Task to complete: Excluding any images, copy all of the lines below precisely as written.

Crawled caption data:
════════

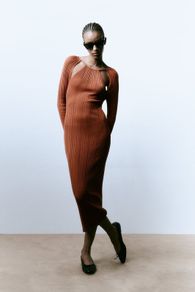 Zara cut out shoulder midi maxi dress size S ribbed fabric brown rust orange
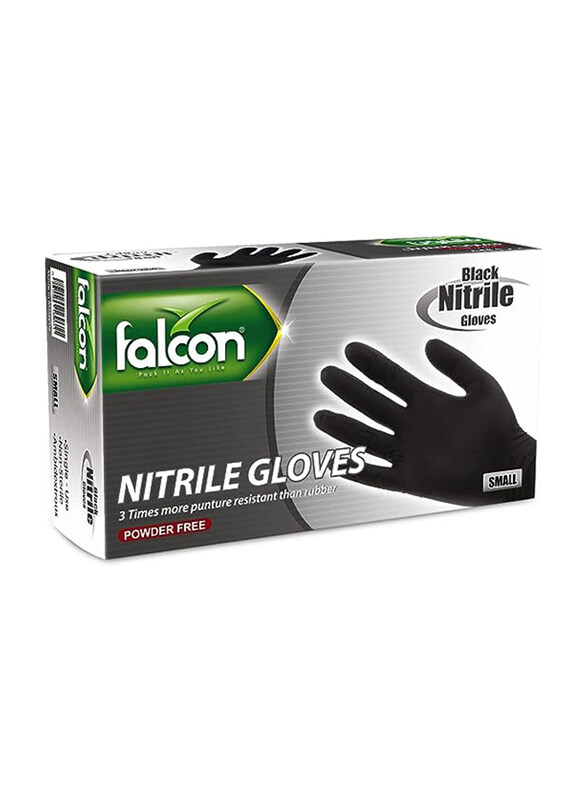 

Falcon Powder Free Nitrile Gloves, Small, Black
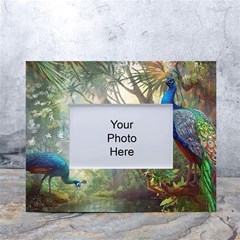 Peafowl Peacock Bird Birds Painting Art Wildlife White Tabletop Photo Frame 4 x6  by Sarkoni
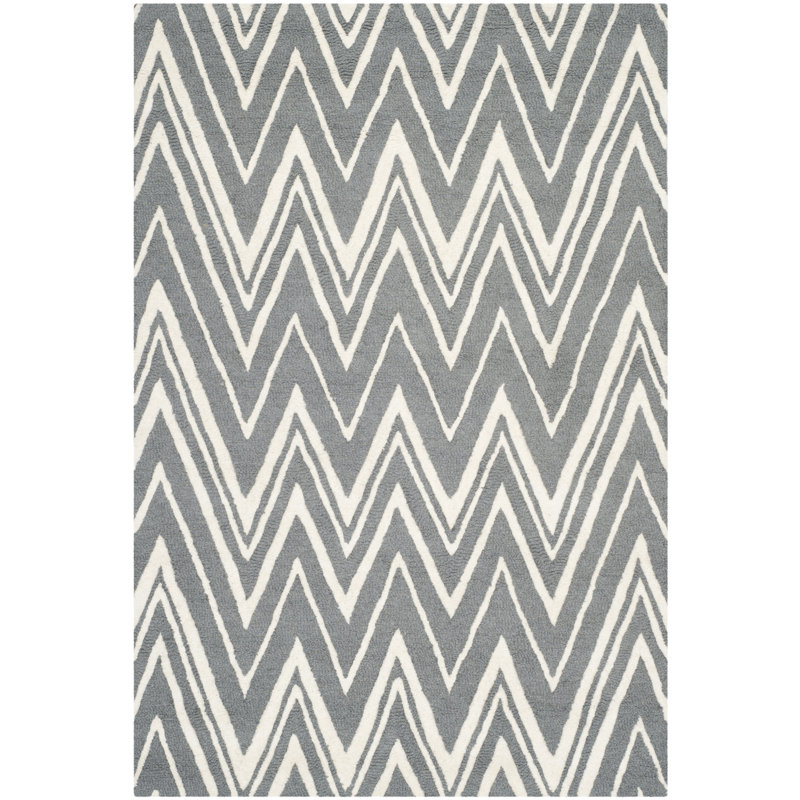 ShipstStour Chevron Wool Hand Woven Area Rug, Rectangle 122 x 183 cm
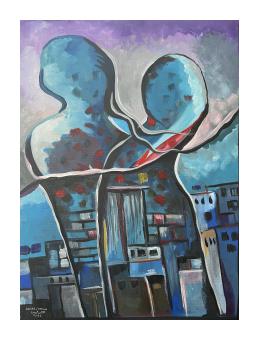 acrylic on canvas, conceptual piece, two people against cityscape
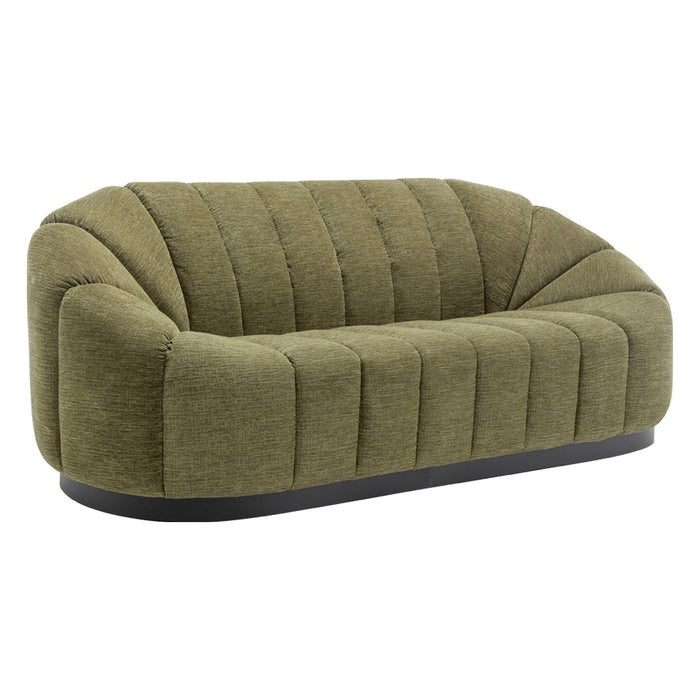 Green textured sofa with rounded design from [Brand].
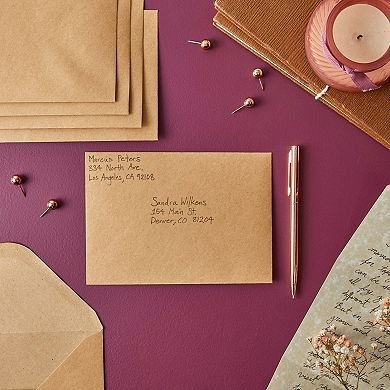 Kraft Paper Invitation Envelopes 4x6 A6 V-Flap Envelopes, 50 Pack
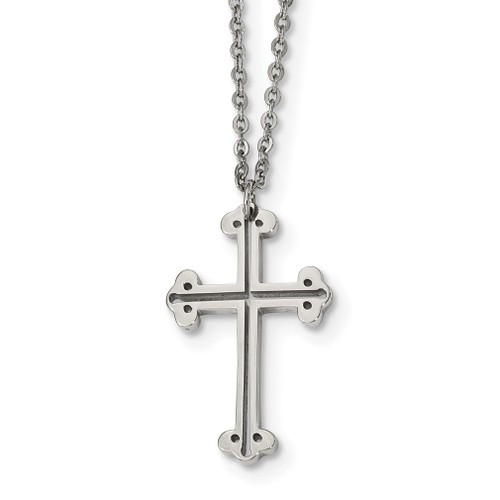 Lex & Lu Chisel Stainless Steel Polished Cross Necklace 18'' - Lex & Lu
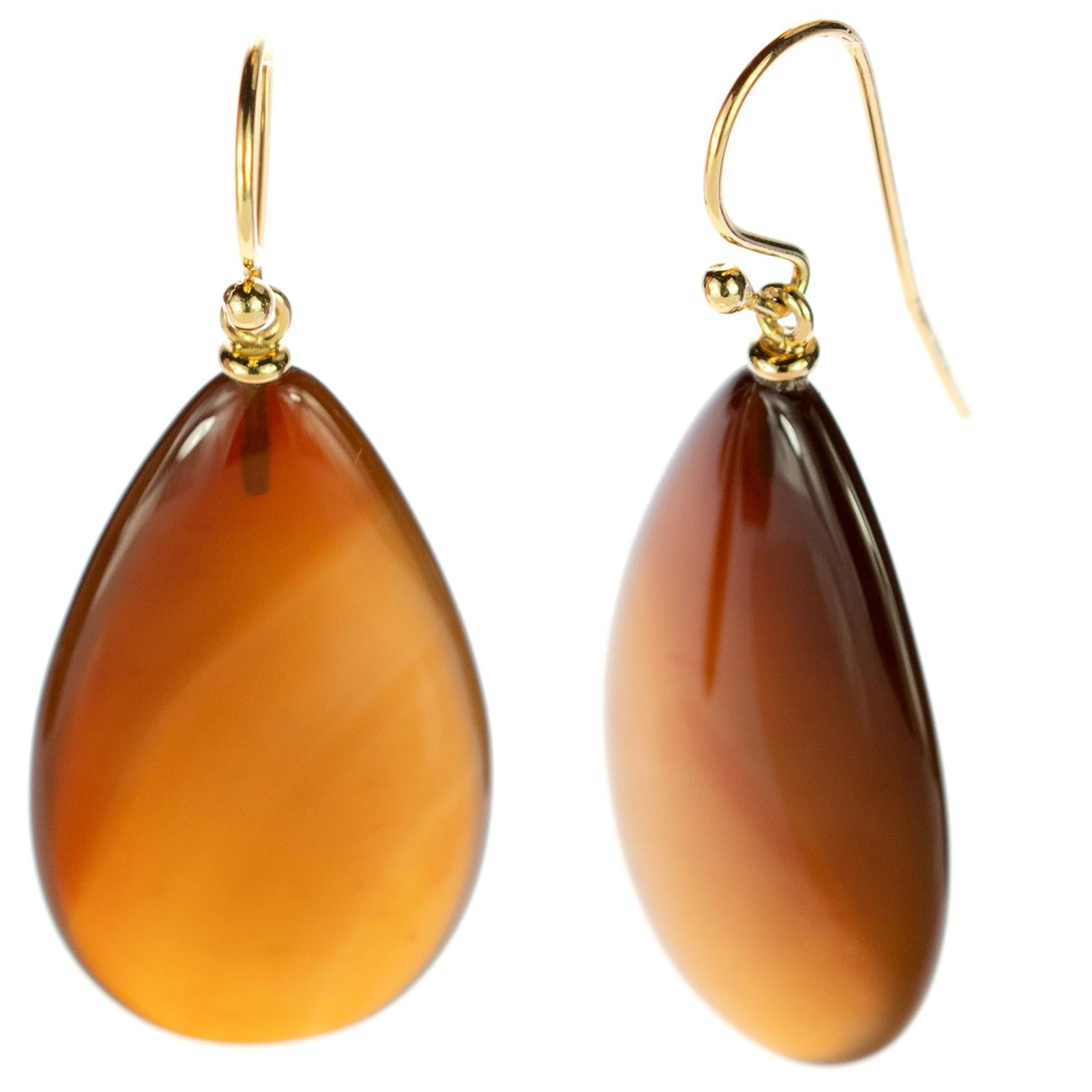 Intini Jewels Brown Agate 18 Karat Yellow Gold Chain Tear Drop Crafted Earrings For Sale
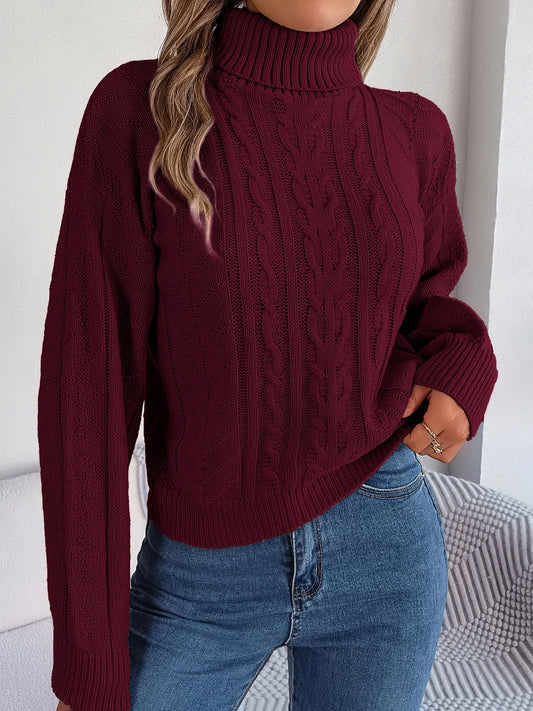 Comfortable Cable Knit Sweater for Women with Turtleneck Long Sleeve Style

════════

Answer area:
 Zara cut out shoulder midi maxi dress size S ribbed fabric brown rust orange

Falcon Powder Free Nitrile Gloves, Small, Black
 Peafowl Peacock Bird Birds Painting Art Wildlife White Tabletop Photo Frame 4 x6  by Sarkoni
 ShipstStour Chevron Wool Hand Woven Area Rug, Rectangle 122 x 183 cm
 acrylic on canvas, conceptual piece, two people against cityscape
 Green textured sofa with rounded design from [Brand].
 Kraft Paper Invitation Envelopes 4x6 A6 V-Flap Envelopes, 50 Pack
 Lex & Lu Chisel Stainless Steel Polished Cross Necklace 18'' - Lex & Lu
 Intini Jewels Brown Agate 18 Karat Yellow Gold Chain Tear Drop Crafted Earrings For Sale
 Comfortable Cable Knit Sweater for Women with Turtleneck Long Sleeve Style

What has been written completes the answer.